ACTION ITEM
Every line of the material is to be returned verbatim. Pictures stay out.

DATA EXCERPT
= = = =
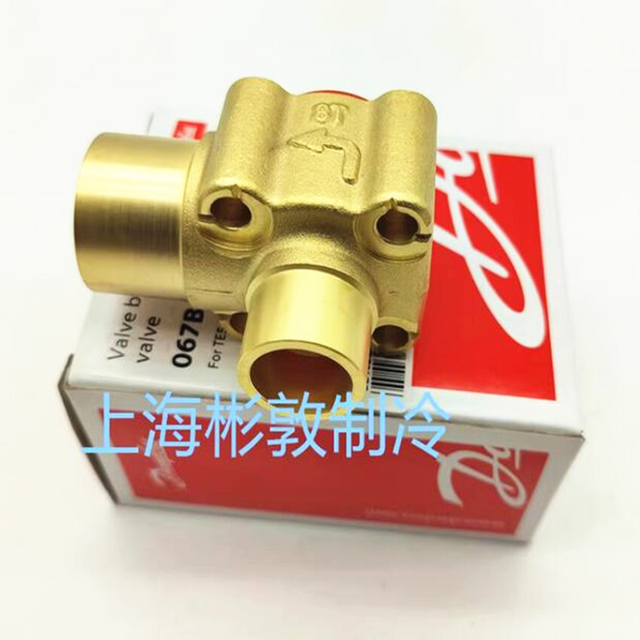New and Original Expansion Valve Base 067B4010 Stock in Warehouse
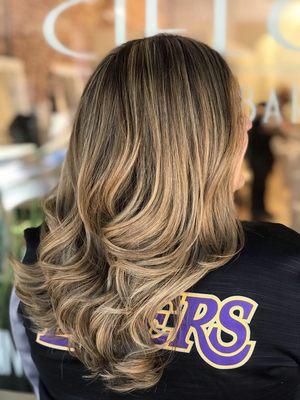 Full highlights * Color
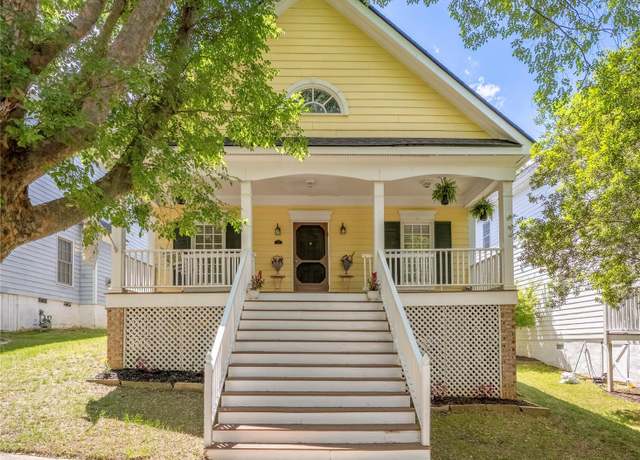 Property at 14105 Garden District Row, Huntersville, NC 28078, 3 beds, 2 baths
= = = =
SOLUTION TO THIS TASK
New and Original Expansion Valve Base 067B4010 Stock in Warehouse
 Full highlights * Color
 Property at 14105 Garden District Row, Huntersville, NC 28078, 3 beds, 2 baths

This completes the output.